The other day while scrolling through Facebook, I came across an Odyssey piece from a fellow contributor from my high school that peaked my interest. The piece was a listicle about common things everyone remembers from my hometown. I had a few laughs while reading it and gave it a well earned like, but it got me thinking. I began to think back on my home and reflect on my motivations for leaving.
I’m willing to bet that anyone who leaves their hometown and goes any meaningful distance away feels the need to somehow justify their decision to dramatically uproot their lives. Now on the surface the reasons are quite obvious, you’re getting that new job or pursing a higher education. But I think there’s more to it than just these reasons, at least for me any way.
I suppose before I go any further some context is in order about my hometown. Santa Clarita, where I grew up, is a quiet peaceful suburb about an hour north of Los Angeles smack dab on the edge of the desert. The city is actually made up of several smaller towns that banded together to from one bigger town. However, the rivalry between each of the towns persists to this day. It’s usually ranked among the safest cities in the US and one of the best to raise a family. The city also leans fairly right of center politically. Overall it was a fairly boring place to live and full of decent, but conservative folks.
I was different from the people I grew up around. However, I don’t have one of those ‘you don’t belong here’ horror stories such as being the only gay kid in a Bible belt town or the lone minority student in an all white school. My problem was I didn’t quite fit. I got along with just about everyone, but there was always something missing. My parents raised me to be a freethinker, to question what was told to me and create my own belief system. I became a one-man counter culture, going against the grain in my own way. Whatever was the trend for youth at the time, I did something different, something unique. When the fashion was for youthful rebellion and vulgarity I squared up. I squared up so much, in fact, a friend once paid me $10 to say the f-word because he’d never heard me curse before. This is just one example among many, but you get the picture. I walked my own path in life.
The most important fruits of my freethinking style were my beliefs in atheism and liberalism. They defined who I was and also brought me into the majority of conflict with my peers. The people I went to school with were predominantly religious and conservative. Which is fine for them, but it was not my style obviously. As a student of politics I understand the value of opposing viewpoints and different perspectives, but being the lone dissenting voice often left me feeling alienated from my peers.

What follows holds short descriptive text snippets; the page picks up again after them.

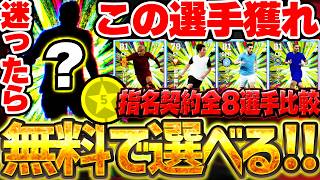 【選ぶ前に必見】今月の指名契約は●●を絶対獲りましょう！★4日本人選手も見逃すな！2026年9月指名契約オススメランキング【eFootball/イーフト2027アプリ】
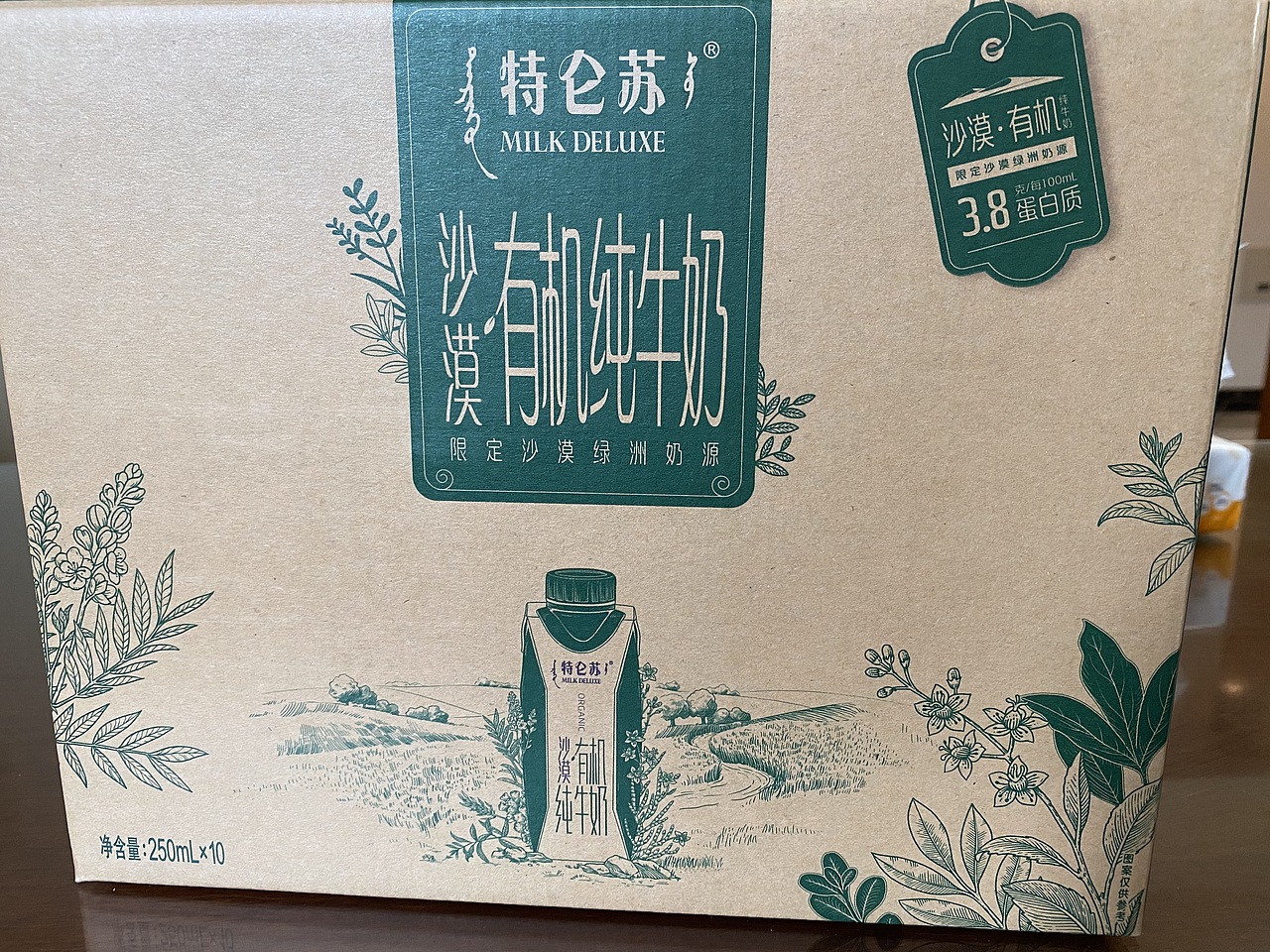 特仑苏沙漠有机奶包装插画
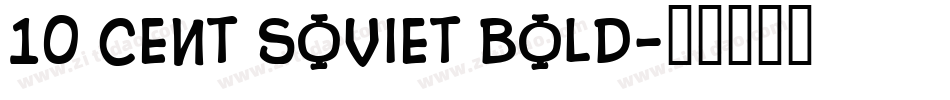 10 Cent Soviet Bold字体转换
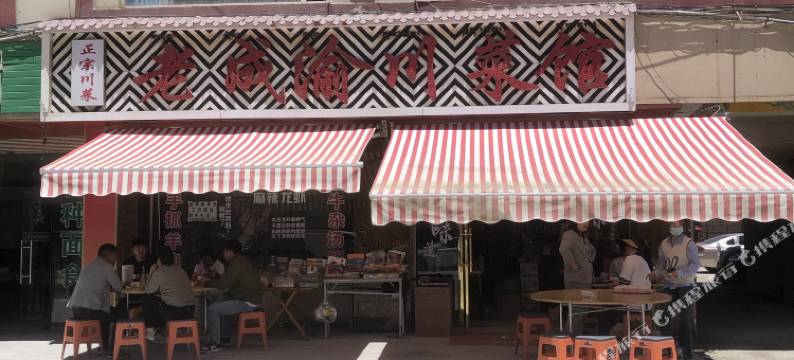若尔盖天源酒店图片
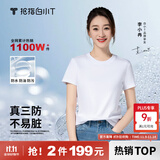 拇指白小T【三防T】二代短袖t恤男女纯棉夏季圆领白小丅打底衫小白t 【拍1发2】男款-皓白+墨黑 XL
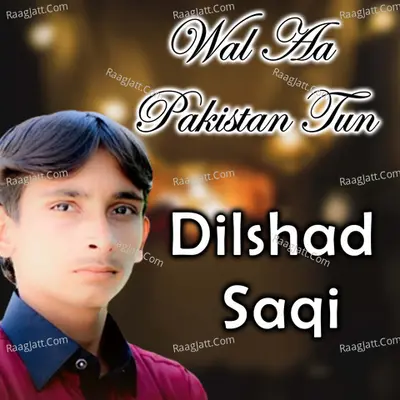 Wal Aa Pakistan Tun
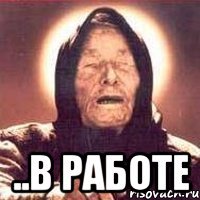  ..в работе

I began to desire to find people with whom I shared similar views and beliefs beyond my family so I could engage in some friendly discourse without devolving into an argument. I very quickly realized I would have to look outside of my little slice of suburbia to find them. I also started to wonder what it would be like outside of my southern California suburban bubble. A change in venue was in order and college provided the perfect escape.
Coming to San Francisco has fulfilled that desire beyond my wildest dreams. Through my major, I have met people of a similar political bent and engaged in the most enlightening and far reaching discussions, with nary a voice raised or name called. I have met people from many different parts of the country, even different parts of the world, and from all walks of life gaining that particular education that only diversity can bring. Moving from the bosom of suburbia to the heart of a major city has certainly shaken up the humdrum of my daily routine. There are times when I look back and miss my hometown, whether because of the memories I associate with it or the comfort of the familiar, but never for a second do I regret my decision to leave. Perhaps one day, when I’ve had my fill of the wider world, I’ll come back to my hometown or someplace similar and settle down and start the cycle all over again, but who can say, the future is unwritten after all.